Planting a Tiny Behavior Tree - Development Notes

This article is a development log for a simple C++ behavior tree library bt.cc that I recently developed.

Behavior trees are one of the most commonly used programming patterns in AI for games and robotics.

The AI discussed here is not the machine learning kind, but rather “hard-coded AI,” or a type of “pseudo-AI.” This is because it doesn’t involve true intelligence; it’s the richness of behaviors that makes entities appear intelligent.

Put simply, it’s about how to modularly organize preset behavior modules, essentially a programming framework.

Design Considerations

  1. Separation of Entity State and Data from Behaviors.

    If there are many entities of the same type with the same set of behaviors, we would prefer to store all entities together (e.g., in a contiguous memory block). The question then becomes: how do we separate behaviors from entity state data?

  2. Organize Code in a Tree Structure to Describe the Behavior Tree.

    A behavior tree itself is a tree structure, so the code should also be organized as a tree, making it clear and intuitive.

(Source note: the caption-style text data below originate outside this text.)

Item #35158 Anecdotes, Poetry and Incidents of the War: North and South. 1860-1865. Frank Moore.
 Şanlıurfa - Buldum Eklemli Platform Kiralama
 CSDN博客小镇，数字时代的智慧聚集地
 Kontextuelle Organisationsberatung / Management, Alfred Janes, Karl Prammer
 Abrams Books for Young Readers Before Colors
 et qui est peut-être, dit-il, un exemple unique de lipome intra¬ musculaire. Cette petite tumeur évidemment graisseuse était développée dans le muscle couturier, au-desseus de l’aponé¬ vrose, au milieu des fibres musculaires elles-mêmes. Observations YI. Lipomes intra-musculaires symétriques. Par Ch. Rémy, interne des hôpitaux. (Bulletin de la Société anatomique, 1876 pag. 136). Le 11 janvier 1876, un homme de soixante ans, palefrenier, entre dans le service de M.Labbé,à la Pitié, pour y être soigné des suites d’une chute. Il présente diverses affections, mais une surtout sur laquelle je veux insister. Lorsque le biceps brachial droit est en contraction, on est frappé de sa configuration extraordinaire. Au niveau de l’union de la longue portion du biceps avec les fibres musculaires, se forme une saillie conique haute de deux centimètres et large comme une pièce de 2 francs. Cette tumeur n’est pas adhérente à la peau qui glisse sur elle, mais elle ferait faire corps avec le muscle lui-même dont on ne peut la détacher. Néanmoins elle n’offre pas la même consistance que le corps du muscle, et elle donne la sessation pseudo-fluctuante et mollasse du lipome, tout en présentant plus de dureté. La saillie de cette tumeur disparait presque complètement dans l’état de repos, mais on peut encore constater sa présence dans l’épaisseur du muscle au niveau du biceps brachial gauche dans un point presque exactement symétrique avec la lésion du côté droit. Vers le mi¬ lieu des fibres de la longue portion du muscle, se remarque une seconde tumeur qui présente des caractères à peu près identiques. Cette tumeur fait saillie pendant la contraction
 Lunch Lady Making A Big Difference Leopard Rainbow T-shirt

  3. Support for Prioritized, Randomized, and Stateful Behaviors.

Behavior Tree

Pre-designed behavior modules are organized into a tree. A Tick() call is propagated recursively from the root to its descendant nodes. Depending on the node type, different behavior patterns are formed.

After executing the Tick function, a node must report its status:

bt::Status::RUNNING  // In progress
bt::Status::FAILURE  // Failed
bt::Status::SUCCESS  // Succeeded

The most basic types of nodes are categorized as follows:

  • Leaf Nodes: Nodes without any children.

    There are two types: Action and Condition.

    Action is responsible for executing a specific action, while Condition checks a specific condition and does not have a RUNNING state.

    For example, in the diagram below, action A is executed only after condition C is successfully checked.

    A schematic implementation of Condition
    // Needs to be implemented
    virtual bool ConditionNode::Check(const Context& ctx);
    
    Status ConditionNode::Update(const Context& ctx) override {
      return Check(ctx) ? Status::SUCCESS : Status::FAILURE;
    }
    

    Some behavior tree libraries implement condition nodes directly as a type of decorator node, making them more convenient to use. In bt.cc, I created a similar decorator node called ConditionalRun.

    A schematic implementation of ConditionRun
    Status ConditionalRunNode::Update(const Context& ctx) {
      // condition is a Condition node, child is another child node
      if (condition->Tick(ctx) == Status::SUCCESS) return child->Tick(ctx);
      return Status::FAILURE;
    }
    

    And we can then use it in this way:

    root
    .If<SomeCondition>()
    ._().Action<DoSomething>()
    .End()
    ;
    
  • Single-Child Nodes: Nodes with only one child node, typically represented by Decorator nodes.

    For example, in the diagram below, Repeat(2) is a loop node. It reports success upwards only after its decorated child node has executed successfully twice. That is, in the second frame, when action A succeeds for the second time, the root node becomes successful.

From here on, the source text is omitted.